This work addresses the challenge of class-specific error rate control in multiclass Neyman–Pearson (NP) classification under label noise by proposing a novel empirical likelihood–based approach. The method models the relationship between noisy and true label distributions via an exponential tilting density ratio, and jointly estimates the true posterior probabilities and class priors through an EM algorithm combined with nonparametric inference, yielding consistent and asymptotically normal estimators. These estimates are then used to construct a classifier that satisfies pre-specified class-wise error constraints. To the best of our knowledge, this is the first study to integrate empirical likelihood into the noisy-label multiclass NP classification framework, with theoretical guarantees that the resulting classifier satisfies the NP oracle inequality. Experiments demonstrate that the proposed method achieves near-oracle performance in simulations and substantially outperforms existing approaches that ignore label noise.

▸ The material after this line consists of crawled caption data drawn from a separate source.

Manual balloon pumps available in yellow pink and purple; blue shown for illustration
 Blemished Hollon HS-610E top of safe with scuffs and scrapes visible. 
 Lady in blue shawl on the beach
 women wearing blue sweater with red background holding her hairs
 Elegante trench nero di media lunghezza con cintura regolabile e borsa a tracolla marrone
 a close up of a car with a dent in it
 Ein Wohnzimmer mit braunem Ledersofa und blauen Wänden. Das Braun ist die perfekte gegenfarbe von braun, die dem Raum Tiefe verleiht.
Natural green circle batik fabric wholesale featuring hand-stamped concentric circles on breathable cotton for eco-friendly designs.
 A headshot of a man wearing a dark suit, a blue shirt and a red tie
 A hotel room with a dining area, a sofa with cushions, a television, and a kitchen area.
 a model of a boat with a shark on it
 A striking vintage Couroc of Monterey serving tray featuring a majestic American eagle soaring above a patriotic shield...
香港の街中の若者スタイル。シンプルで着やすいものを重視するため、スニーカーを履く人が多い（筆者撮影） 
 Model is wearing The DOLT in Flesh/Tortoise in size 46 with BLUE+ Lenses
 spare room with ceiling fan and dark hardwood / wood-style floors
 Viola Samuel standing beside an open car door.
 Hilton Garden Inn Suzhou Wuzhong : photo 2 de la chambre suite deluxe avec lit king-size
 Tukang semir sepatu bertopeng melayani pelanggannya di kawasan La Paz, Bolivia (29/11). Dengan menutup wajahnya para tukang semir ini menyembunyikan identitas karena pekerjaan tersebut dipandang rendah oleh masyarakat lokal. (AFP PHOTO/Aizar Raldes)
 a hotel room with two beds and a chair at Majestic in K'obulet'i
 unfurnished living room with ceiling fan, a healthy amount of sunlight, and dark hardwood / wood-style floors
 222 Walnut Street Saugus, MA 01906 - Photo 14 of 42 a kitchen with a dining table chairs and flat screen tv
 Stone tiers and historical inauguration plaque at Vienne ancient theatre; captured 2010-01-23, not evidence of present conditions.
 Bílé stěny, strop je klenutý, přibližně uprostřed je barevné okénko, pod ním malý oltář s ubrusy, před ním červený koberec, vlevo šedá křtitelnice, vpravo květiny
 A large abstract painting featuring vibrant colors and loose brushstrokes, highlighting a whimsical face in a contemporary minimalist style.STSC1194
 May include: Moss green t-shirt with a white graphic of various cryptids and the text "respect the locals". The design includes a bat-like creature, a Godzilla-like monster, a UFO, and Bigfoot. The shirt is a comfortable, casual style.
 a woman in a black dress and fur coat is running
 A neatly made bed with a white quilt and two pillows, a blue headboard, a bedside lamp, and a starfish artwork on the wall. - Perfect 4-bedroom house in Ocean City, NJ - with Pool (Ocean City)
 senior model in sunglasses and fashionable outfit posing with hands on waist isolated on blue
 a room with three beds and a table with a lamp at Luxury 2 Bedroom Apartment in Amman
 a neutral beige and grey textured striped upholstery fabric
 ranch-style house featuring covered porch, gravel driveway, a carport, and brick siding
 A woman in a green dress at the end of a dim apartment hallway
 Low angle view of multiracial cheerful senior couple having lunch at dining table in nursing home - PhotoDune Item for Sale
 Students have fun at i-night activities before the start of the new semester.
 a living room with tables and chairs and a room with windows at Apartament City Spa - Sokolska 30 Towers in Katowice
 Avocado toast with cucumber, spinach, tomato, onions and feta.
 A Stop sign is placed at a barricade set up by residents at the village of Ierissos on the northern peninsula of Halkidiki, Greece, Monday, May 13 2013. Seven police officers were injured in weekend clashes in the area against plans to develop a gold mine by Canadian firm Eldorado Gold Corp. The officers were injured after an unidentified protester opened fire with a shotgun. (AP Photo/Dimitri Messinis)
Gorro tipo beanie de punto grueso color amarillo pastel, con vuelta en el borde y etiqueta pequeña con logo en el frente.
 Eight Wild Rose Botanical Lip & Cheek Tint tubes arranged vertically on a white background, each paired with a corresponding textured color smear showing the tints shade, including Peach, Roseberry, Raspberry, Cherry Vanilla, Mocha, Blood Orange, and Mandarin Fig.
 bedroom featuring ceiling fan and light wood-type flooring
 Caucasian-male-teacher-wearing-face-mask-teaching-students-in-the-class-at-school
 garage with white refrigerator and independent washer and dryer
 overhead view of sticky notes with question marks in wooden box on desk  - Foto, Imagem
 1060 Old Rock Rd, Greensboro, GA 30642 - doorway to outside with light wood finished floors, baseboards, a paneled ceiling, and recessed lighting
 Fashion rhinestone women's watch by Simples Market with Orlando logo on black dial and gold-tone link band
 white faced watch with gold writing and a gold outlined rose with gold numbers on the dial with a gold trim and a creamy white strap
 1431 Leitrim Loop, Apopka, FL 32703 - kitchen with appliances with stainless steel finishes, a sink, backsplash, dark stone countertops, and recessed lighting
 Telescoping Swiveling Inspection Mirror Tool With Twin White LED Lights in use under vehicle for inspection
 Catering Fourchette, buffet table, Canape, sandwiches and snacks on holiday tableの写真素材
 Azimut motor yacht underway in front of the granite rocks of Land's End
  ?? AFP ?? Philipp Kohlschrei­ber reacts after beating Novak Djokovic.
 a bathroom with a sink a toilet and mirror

In many classification problems, the costs of misclassifying observations from different classes can be highly unequal. The Neyman-Pearson multiclass classification (NPMC) framework addresses this issue by minimizing a weighted misclassification risk while imposing upper bounds on class-specific error probabilities. Existing NPMC methods typically assume that training labels are correctly observed. In practice, however, labels are often corrupted due to measurement error or annotation, and the effect of such label noise on NPMC procedures remains largely unexplored. We study the NPMC problem when only noisy labels are available in the training data. We propose an empirical likelihood (EL)-based method that relates the distributions of noisy and true labels through an exponential tilting density ratio model. The resulting maximum EL estimators recover the class proportions and posterior probabilities of the clean labels required for error control. We establish consistency, asymptotic normality, and optimal convergence rates for these estimators. Under mild conditions, the resulting classifier satisfies NP oracle inequalities with respect to the true labels asymptotically. An expectation-maximization algorithm computes the maximum EL estimators. Simulations show that the proposed method performs comparably to the oracle classifier under clean labels and substantially improves over procedures that ignore label noise.